The presenter, Diamond, has spent approximately 15 years in AI attempting to create more AI friends and co-workers [00:00:39]. This career spans roles at Microsoft Cortana [00:00:54], Amazon Alexa [00:00:56], Meta (working on PyTorch) [00:00:58], and his own AI startup focused on a devops assistant [00:01:00].

Datadog Overview

Datadog is an observability and security platform designed for cloud applications [00:01:24]. Its core function is to allow users to observe system behavior and take action, making it easier to understand and build safer, more devops-friendly systems [00:01:30].

History of AI at Datadog

Datadog has been incorporating AI into its products since around 2015 [00:02:03]. While not always overtly branded as “AI product,” features like proactive alerting, root cause analysis, impact analysis, and change tracking have utilized AI capabilities [00:01:56].

The current landscape represents a “clear era shift,” akin to the advent of the microprocessor or the shift to SaaS [00:02:08]. This shift is characterized by:

Bigger, smarter models [00:02:16]
Reasoning capabilities [00:02:17]
Multimodal AI [00:02:18]
“Foundation model Wars” [00:02:20]
Intelligence becoming “too cheap to meter” [00:02:24]

This has led to a rise in user expectations for AI [00:02:35]. Datadog is responding by moving “up the stack” to leverage these advancements and provide AI agents that use the platform on behalf of customers [00:02:53].

Bits AI: Datadog’s AI Agents

Datadog is developing “Bits AI” as an AI assistant for devops problems [00:01:04]. This requires work in agent development, evaluation (eval), and new types of observability [00:03:08]. Currently, two agents are in private beta [00:03:22]:

AI On-Call Engineer

This agent is designed to save engineers from 2 AM alerts [00:03:48].
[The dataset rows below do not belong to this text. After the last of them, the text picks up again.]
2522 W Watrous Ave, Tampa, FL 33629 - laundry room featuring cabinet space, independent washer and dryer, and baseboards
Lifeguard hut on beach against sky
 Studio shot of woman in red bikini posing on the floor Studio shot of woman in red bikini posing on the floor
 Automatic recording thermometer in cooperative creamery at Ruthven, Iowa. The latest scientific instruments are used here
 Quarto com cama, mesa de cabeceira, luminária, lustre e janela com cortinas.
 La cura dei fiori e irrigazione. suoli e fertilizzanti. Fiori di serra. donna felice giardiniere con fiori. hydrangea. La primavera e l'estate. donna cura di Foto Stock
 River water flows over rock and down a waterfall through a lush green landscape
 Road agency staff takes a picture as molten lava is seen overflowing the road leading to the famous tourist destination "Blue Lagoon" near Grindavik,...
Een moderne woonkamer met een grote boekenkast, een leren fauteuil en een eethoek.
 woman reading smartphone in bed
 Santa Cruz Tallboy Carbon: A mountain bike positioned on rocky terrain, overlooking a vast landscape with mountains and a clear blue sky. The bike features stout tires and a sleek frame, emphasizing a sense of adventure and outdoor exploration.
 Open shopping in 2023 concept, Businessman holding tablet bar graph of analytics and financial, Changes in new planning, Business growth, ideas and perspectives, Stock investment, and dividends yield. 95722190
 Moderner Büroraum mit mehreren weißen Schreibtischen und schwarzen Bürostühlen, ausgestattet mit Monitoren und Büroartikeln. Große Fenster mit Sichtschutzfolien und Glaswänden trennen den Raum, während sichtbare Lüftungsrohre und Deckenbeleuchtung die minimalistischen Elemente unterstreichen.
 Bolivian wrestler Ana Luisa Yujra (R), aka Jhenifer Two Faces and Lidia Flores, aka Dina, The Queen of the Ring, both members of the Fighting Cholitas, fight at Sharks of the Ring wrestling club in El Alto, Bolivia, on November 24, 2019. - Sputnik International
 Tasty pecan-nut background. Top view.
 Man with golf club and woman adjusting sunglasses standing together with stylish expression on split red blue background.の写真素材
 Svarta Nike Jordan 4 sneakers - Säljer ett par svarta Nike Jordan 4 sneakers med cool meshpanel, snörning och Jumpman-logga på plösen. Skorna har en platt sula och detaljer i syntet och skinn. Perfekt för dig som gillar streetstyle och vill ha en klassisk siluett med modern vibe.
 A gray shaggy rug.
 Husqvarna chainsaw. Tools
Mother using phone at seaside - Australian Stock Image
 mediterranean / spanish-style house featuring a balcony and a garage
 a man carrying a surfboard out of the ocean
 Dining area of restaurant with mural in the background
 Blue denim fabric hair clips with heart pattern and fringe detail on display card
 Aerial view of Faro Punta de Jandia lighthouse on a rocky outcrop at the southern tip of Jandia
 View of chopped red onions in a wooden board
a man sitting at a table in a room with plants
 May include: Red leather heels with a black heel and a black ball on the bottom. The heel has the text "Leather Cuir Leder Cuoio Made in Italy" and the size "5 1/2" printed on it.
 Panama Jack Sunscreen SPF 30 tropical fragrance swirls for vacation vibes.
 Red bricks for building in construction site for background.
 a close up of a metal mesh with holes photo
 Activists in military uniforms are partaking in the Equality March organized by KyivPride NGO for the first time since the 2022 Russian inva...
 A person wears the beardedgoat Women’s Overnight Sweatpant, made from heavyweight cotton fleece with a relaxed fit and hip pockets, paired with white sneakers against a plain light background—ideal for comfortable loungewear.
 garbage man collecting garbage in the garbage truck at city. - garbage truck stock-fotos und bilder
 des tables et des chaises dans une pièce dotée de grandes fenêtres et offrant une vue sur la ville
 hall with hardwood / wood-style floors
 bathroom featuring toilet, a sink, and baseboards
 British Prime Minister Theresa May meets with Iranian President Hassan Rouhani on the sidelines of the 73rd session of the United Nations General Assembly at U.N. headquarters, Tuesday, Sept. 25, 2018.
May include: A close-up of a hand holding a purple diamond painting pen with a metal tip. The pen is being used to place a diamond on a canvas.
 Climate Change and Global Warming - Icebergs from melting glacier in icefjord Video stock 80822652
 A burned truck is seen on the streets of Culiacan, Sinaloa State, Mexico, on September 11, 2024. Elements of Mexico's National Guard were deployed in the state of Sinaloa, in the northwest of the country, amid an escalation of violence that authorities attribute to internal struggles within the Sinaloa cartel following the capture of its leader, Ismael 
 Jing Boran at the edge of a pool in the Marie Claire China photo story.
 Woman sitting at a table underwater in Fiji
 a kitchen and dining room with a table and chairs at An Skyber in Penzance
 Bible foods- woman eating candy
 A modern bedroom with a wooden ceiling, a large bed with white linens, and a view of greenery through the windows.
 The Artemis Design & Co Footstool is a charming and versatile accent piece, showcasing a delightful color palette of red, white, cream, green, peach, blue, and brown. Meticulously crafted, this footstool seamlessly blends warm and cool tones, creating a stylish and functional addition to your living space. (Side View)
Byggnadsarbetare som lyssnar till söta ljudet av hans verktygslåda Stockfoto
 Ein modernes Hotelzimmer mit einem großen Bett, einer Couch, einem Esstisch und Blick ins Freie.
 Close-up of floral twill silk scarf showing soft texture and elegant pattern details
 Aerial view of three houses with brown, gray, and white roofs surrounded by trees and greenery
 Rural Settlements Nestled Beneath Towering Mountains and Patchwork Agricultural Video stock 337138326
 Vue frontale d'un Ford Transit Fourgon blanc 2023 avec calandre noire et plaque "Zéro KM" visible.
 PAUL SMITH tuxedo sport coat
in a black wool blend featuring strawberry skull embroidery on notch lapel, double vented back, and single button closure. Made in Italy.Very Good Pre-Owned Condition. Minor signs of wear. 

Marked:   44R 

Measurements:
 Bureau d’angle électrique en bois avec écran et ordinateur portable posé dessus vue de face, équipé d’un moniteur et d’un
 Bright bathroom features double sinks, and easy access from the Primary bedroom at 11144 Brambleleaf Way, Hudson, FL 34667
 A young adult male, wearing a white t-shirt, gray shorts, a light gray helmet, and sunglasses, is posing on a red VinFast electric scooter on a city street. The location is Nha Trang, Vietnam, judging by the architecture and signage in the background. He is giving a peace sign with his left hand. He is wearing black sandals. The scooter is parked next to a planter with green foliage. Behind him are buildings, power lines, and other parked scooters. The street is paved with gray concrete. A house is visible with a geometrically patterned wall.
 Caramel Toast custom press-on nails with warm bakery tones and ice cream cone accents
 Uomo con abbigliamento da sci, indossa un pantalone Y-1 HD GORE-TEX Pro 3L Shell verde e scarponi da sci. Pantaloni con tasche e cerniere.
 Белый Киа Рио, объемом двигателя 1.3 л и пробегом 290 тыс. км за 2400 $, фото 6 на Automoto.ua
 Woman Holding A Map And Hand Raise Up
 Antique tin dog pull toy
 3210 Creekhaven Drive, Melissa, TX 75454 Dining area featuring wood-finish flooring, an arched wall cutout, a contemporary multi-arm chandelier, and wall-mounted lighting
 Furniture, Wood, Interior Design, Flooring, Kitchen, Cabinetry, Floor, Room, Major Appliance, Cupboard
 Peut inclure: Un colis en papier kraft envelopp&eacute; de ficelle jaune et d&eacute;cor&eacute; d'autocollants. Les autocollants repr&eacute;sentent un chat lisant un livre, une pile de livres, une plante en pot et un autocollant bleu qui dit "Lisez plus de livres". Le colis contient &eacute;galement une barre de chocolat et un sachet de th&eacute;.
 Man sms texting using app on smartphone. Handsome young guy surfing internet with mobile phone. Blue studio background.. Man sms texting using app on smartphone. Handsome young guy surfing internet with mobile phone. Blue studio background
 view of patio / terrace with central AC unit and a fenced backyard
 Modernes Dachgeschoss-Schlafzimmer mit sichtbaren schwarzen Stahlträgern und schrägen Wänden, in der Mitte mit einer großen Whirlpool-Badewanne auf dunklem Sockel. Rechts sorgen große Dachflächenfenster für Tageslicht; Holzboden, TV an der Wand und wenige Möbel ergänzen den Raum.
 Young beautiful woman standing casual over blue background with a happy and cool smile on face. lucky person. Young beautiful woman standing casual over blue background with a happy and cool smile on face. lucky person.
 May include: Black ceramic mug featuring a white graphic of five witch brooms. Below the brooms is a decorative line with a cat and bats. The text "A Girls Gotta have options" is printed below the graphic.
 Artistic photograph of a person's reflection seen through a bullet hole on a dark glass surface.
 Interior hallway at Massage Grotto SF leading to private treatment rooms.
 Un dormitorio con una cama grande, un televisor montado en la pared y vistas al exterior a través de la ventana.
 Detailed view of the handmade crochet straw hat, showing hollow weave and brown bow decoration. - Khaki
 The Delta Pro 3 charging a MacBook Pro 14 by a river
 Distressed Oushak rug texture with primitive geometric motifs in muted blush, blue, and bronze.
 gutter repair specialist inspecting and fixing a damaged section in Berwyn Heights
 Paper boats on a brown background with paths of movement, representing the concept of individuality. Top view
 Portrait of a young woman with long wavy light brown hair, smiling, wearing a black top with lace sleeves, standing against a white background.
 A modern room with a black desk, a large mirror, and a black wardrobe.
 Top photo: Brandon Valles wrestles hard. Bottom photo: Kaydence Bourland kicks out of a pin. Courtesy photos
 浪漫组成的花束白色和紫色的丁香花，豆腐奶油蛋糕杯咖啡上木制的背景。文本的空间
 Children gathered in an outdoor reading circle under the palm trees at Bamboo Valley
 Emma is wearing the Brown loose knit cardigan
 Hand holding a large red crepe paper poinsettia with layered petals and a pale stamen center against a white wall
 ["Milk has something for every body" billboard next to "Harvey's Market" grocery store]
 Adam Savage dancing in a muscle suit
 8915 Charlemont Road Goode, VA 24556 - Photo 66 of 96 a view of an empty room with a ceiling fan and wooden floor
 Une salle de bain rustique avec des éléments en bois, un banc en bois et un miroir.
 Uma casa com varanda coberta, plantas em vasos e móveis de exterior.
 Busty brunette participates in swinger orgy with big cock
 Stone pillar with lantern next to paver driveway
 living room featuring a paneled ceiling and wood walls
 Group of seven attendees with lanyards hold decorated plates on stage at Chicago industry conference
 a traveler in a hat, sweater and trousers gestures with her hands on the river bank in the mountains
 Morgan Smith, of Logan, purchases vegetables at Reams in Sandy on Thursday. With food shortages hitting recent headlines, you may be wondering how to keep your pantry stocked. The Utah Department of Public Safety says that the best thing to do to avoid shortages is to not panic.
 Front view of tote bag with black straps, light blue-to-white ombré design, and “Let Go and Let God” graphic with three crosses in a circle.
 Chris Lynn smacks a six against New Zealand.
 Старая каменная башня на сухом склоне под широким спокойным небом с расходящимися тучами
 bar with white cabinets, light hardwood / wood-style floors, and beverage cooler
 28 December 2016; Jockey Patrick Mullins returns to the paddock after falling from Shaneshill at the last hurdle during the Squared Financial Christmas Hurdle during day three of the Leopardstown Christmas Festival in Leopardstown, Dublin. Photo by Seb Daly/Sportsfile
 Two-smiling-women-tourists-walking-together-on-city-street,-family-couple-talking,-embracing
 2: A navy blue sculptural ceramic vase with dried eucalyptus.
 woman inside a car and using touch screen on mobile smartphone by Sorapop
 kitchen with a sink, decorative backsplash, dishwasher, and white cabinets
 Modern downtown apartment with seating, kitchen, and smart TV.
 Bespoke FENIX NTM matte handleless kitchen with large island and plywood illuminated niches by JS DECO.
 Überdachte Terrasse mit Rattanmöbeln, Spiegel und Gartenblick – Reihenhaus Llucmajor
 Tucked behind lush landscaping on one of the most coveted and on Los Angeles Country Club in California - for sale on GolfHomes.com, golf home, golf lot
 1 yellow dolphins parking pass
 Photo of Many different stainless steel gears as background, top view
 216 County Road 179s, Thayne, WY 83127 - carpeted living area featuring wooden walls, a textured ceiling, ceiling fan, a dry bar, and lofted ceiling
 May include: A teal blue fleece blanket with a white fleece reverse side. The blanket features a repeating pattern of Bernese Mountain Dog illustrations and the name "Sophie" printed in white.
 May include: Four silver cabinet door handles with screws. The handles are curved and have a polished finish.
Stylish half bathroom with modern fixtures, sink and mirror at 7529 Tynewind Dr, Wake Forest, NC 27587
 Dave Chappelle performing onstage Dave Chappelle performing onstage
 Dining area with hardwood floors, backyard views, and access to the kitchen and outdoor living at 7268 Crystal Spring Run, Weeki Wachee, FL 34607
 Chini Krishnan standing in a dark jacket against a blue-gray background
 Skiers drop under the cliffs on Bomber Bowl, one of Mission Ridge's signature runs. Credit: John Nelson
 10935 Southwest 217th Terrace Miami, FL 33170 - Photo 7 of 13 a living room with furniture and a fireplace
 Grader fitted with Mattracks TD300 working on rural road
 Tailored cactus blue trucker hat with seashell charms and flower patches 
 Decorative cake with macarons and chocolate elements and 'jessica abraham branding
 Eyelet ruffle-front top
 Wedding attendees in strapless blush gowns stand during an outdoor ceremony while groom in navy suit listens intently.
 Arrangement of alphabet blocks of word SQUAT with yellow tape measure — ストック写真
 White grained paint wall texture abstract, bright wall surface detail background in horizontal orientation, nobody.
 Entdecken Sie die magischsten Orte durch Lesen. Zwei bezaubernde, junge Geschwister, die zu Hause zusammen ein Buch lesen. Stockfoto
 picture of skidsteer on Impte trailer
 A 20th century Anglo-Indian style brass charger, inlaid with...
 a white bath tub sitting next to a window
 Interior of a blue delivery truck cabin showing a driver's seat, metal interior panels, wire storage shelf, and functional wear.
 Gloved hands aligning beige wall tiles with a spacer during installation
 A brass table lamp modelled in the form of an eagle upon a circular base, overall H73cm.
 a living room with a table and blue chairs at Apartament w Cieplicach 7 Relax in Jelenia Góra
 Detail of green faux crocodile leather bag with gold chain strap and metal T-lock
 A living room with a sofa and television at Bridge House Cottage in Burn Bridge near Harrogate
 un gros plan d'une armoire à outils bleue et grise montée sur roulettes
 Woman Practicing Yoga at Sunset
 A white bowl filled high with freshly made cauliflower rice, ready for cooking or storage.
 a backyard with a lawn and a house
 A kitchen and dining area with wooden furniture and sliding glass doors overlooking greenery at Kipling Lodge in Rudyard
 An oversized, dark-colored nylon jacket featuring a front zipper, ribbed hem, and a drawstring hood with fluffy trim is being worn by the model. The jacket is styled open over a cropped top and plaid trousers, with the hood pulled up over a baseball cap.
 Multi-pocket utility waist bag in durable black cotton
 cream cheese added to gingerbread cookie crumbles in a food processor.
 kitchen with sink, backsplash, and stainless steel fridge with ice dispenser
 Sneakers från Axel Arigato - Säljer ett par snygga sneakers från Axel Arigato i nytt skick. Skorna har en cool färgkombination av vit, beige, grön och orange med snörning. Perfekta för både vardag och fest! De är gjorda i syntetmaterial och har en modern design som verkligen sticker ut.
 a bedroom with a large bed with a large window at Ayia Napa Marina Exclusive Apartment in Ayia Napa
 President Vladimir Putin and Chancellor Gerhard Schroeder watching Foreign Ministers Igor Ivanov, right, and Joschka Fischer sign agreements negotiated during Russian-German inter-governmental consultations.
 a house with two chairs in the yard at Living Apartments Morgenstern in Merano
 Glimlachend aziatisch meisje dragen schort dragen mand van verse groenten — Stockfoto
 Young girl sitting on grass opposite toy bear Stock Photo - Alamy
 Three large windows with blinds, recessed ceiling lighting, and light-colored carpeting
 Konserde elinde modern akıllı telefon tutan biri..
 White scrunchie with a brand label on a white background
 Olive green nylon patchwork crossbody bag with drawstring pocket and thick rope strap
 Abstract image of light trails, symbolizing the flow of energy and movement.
Proactive Operation: Kicks off automatically when an alert occurs [00:04:04].
Situational Awareness: Reads runbooks, gathers alert context, and analyzes logs, metrics, and traces [00:04:06].
Investigation and Summarization: Automatically runs investigations, finds summaries, and pulls information before a human even gets to their computer [00:04:26].
Hypothesis and Tooling: Formulates hypotheses, reasons over them, and uses tools to test ideas by running queries against data [00:05:30].
Remediation and Post-Mortems: If a root cause is found, it can suggest remediations (e.g., paging another team, scaling infrastructure) [00:05:53]. It can also write post-mortems after an issue is remediated, summarizing what occurred and the actions taken by both humans and the agent [00:06:31].
Human-AI Collaboration: A new page facilitates collaboration, allowing humans to verify what the agent did, learn from its actions, and ask follow-up questions [00:04:47].

AI Software Engineer

This agent acts as a proactive developer or devops/software engineering agent [00:06:55].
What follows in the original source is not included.